A reader and a thinker, Moran is always alert to the comedic or philosophical possibilities all around him as he reflects on love, politics, misery and the everyday absurdities of life. Never is this more apparent than when he is on tour.

"I try to make myself very responsive, and you’re always on when you’re touring, constantly receiving and transmitting, but you can’t be like that all the time," he says. "You have to come home and be boring dad. Which I’m very good at apparently. And yes, they tell me that in no uncertain terms."

Born in Navan and now living in Edinburgh, the Irish comic, actor and illustrator has made his mark with such live shows as Monster, What It Is and Off The Hook, combined with screen work in the Channel 4 sitcom Black Books, BBC comedy-drama How Do You Want Me?, brittle Irish film Calvary and zombie romcom Shaun Of The Dead.

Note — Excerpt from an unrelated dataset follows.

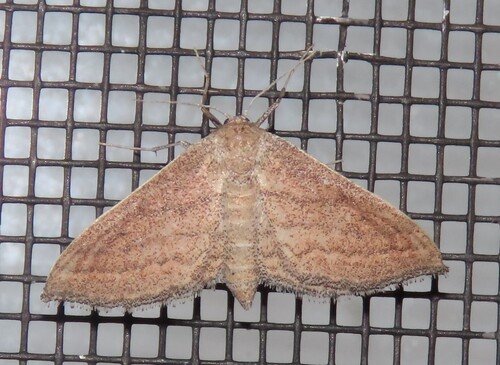 Straight-lined Wave photo 5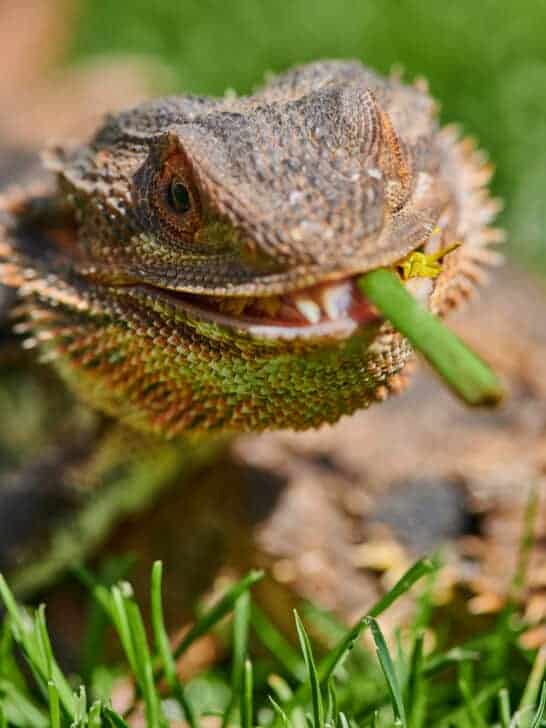 Watch Bearded Dragon Rescue Takes A Surprising Turn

He is never more alive than when he is working his material before a live audience, as he will be until December 8 on the Dr Cosmos tour. "I have high hopes for this show, I’m really into it. And I’m really into what an incredible time it is to be doing comedy. I want people to come in and have a great time and go home feeling better," says Moran.

York Press:

"We’re confused about what’s happening to us now, and that’s why you get Brexit and you get Trump," says Dylan Moran. Picture: Andy Hollingworth

"I’m not going to ask people to understand anything too complicated or anything that I feel can’t be understood. A lot of it is about pulling the squirrels out of the bag and giving them a name or a number. Let’s just say that I’m organising the squirrels."

Just who is this Dr Cosmos of whom Dylan Moran speaks? Is it a fictional man of the world? Or could it be the Irish comedian himself in stage guise? "I get these ideas for themes or identities that obsess me for years and Dr Cosmos has been around for a while. I’m writing a pilot episode which has Dr Cosmos as the title and it’s about all kind of things, like consumerism and mental health," Moran explains.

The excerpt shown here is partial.